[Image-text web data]

[Start of section]

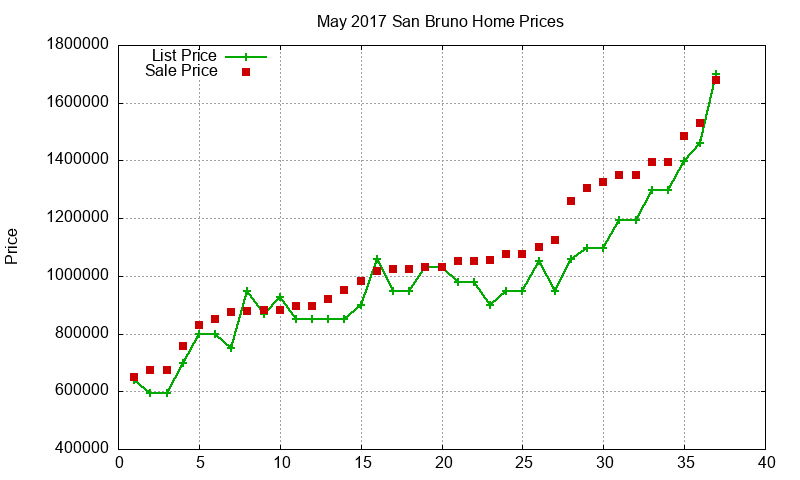 San Bruno Homes Just Sold 2017-05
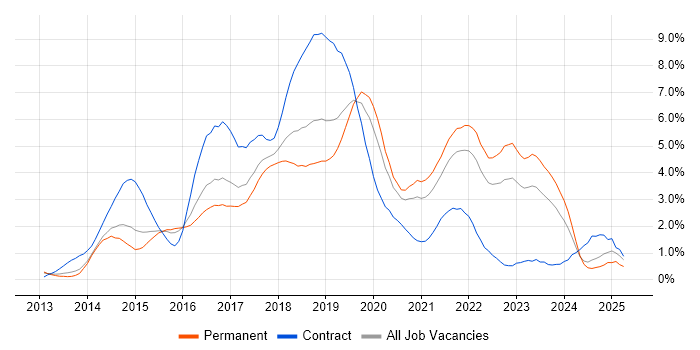 Job vacancy trend for Jenkins in Nottinghamshire Job vacancy trend for Jenkins in Nottinghamshire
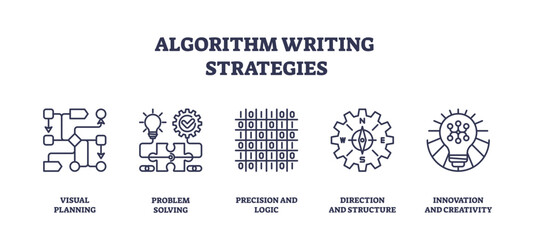 Algorithm writing strategies visualized with flowcharts, gears, and lightbulbs, transparent background. Outline icons set.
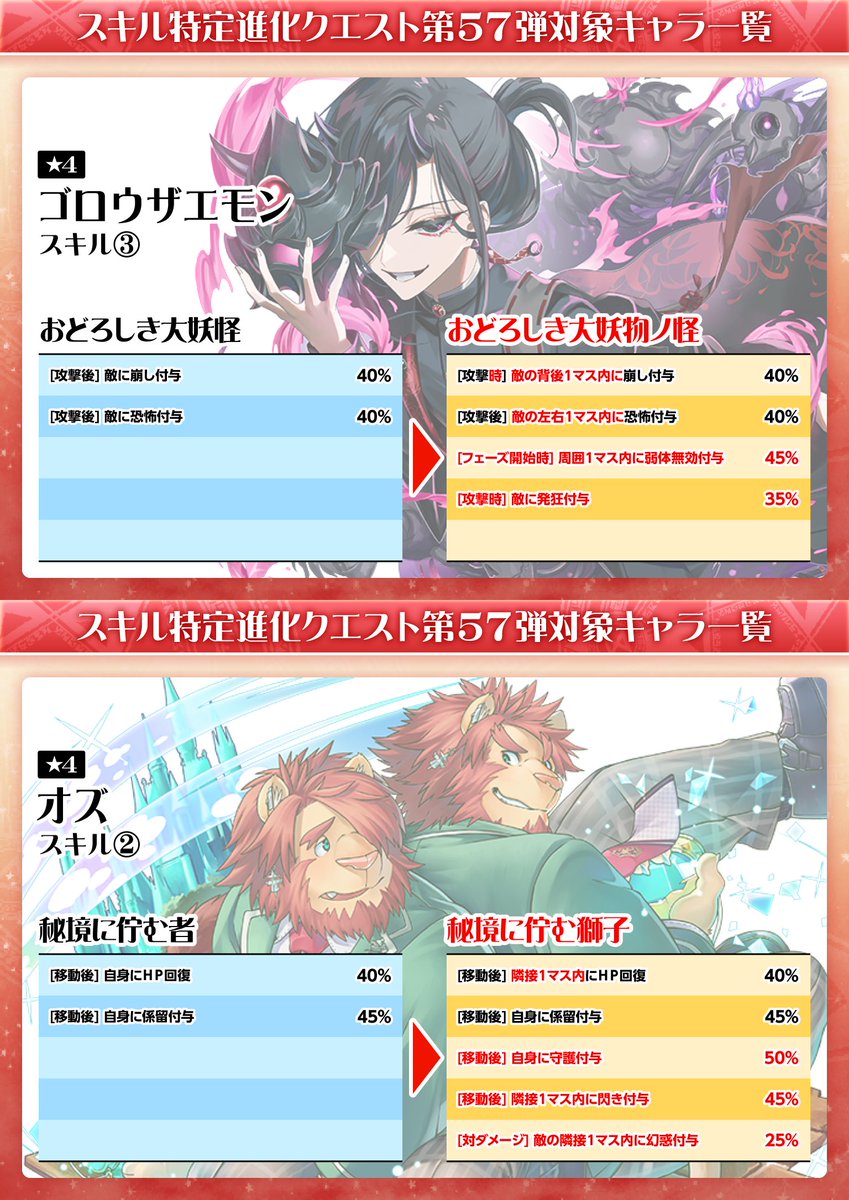 4jhapp_lw's tweet image. 【お知らせ】
東京放課後サモナーズ、スキル特定進化クエストが公開になりました。詳細は画像とリンク先をご確認ください。
housamo.info/news/skill-shi…
#放サモ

[End of section]

**Exercise directions**:
Give back all of the entries verbatim, but without pictures.

**Result for this task**:
 San Bruno Homes Just Sold 2017-05
 Job vacancy trend for Jenkins in Nottinghamshire Job vacancy trend for Jenkins in Nottinghamshire
 Algorithm writing strategies visualized with flowcharts, gears, and lightbulbs, transparent background. Outline icons set.
 4jhapp_lw's tweet image. 【お知らせ】
東京放課後サモナーズ、スキル特定進化クエストが公開になりました。詳細は画像とリンク先をご確認ください。
housamo.info/news/skill-shi…
#放サモ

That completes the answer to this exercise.